Went to see this movie Saturday night (had a busy weekend and needed the time), and I enjoyed it quite a bit.  Great, not REALLY SUPER great, but one of the better comic book movies.  Lightyears beyond what Brett Ratner could do, that’s for sure.

Now, to reiterate something – I am not a comic fanboy to the extent where I’m going to be upset that the continuity gets messed up, or characters have somewhat arbitrary changes.  Movies have to be different, and there is a balance the filmmakers have to strike between faithfulness to the source material, and making a good movie.  I will be talking about possible spoilers, so read on after the jump.

Early in the movie, we see something very familiar – Erik Lensherr being separated from his parents, the bending of the gate at the concentration camp, the rifle butt to the face.  The difference is we see what happens after.  Sebastian Shaw torments Erik, killing his mother when he can’t move a coin on command (he has no control over the power, only able to activate it when angry).  This is contrasted with a scene from Charles Xavier’s childhood, with him discovering a girl in his mansion stealing food, who turns out to be Raven (Mystique).  Somehow she ends up as a foster sister, which is odd because Xavier is 12 and not exactly in charge of things.

Anyway, we next see Charles and Erik in their early 20s.  Charles graduates from Oxford, and Lensherr is hunting the Nazis from the camp he was at, trying to find Shaw.  Xavier gets recruited to help the CIA do the same thing after an agent (Moira McTaggart) witnesses the Hellfire Club using their mutant powers.

The movie truly begins then, with Xavier and Lensherr recruiting mutants to their team, found by using a crude first draft of Cerebro (reel to reel tape!  line printers!).  Beast was already there (human looking other than his feet), Havok joins out of prison (this bothers the comic fanboys, as in the comics, he’s Scott’s (Cyclops) younger brother), Banshee, Mystique and others are all present.  They wear blue and yellow suits reminiscent of the earlier X-Men costumes.
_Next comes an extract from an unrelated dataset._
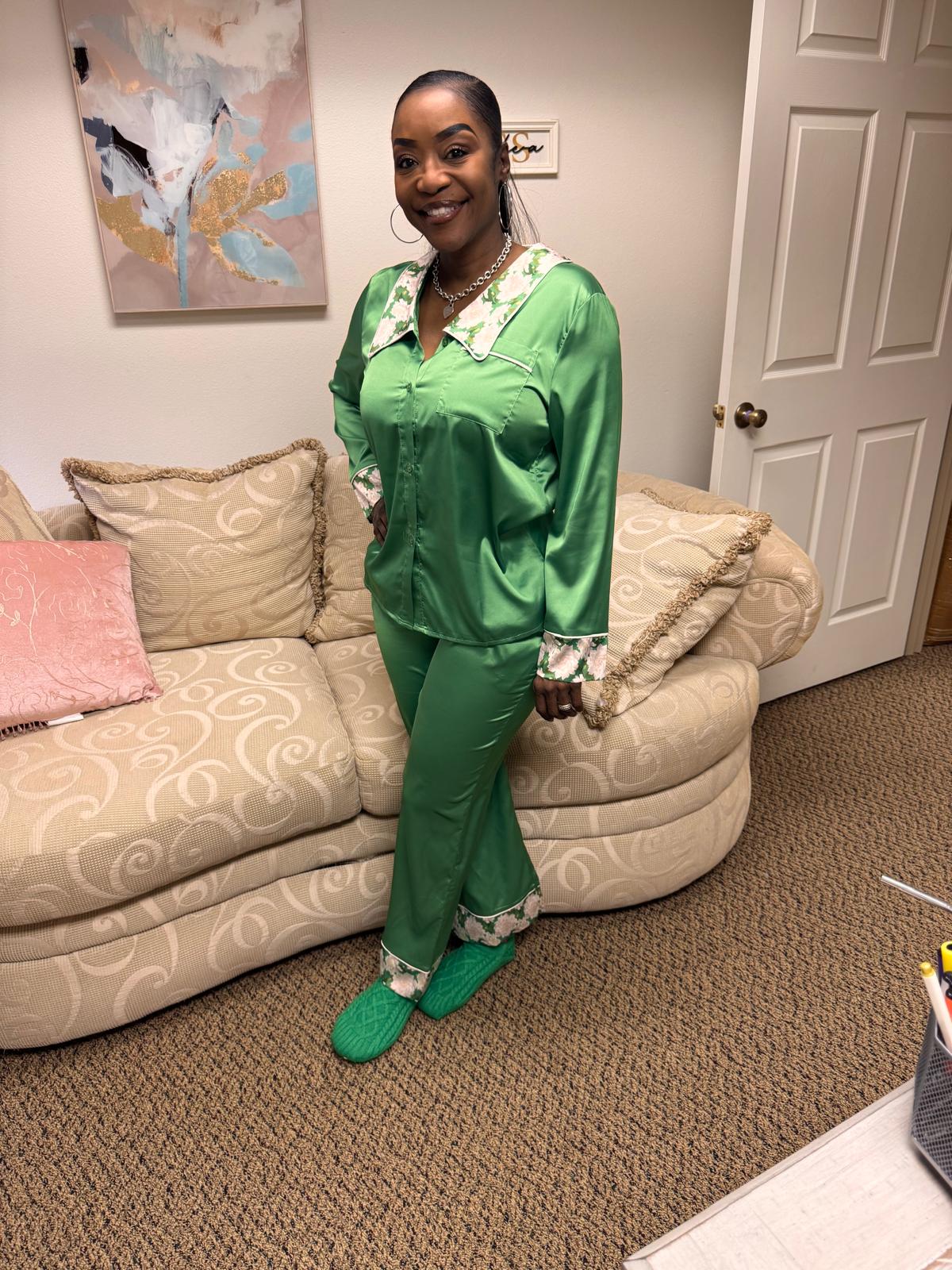 White Roses and Pearls PJs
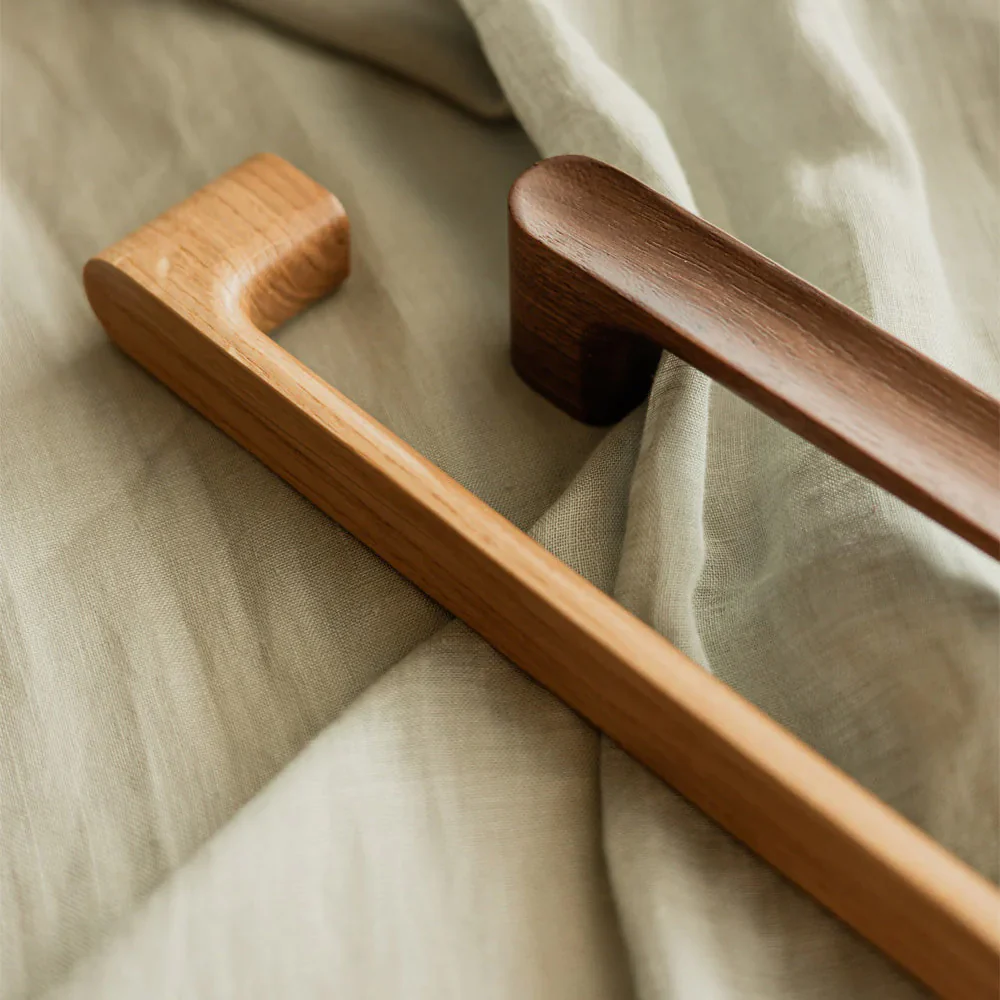 Momo Handles Luv Wood Big D Handle 384mm Oak - Image 2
The X-Men and the Hellfire Club take part in the Cuban Missile Crisis, with Sebastian Shaw trying to start a nuclear war to clear the world of ‘normal’ humans and leaving behind only their kind, the mutants, the ‘Children of the Atom’.  You know what has to happen at the end – Xavier and Lensherr split, the bad guy stopped, and Charles in a wheelchair.

A few of my issues with the movie (still spoilers):  Why does Xavier let Mystique go at the end?  At least try to reason with her.  And honestly the whole ‘Xavier is uncomfortable with Raven’s natural appearance’ thing seemed odd.  Also, Charles must be one HELL of an idealist to live in the 60s and think mutants will ever be accepted.  At this point Moira was still getting shit from her superiors at the CIA for being a woman, at one point one of them saying something along the lines of putting her back in the typing pool.  These people are going to accept Mystique, Beast or Nightcrawler?

I enjoyed the story very much on it’s own, despite the retcons and timeline quirks it brings up.  I highly recommend it.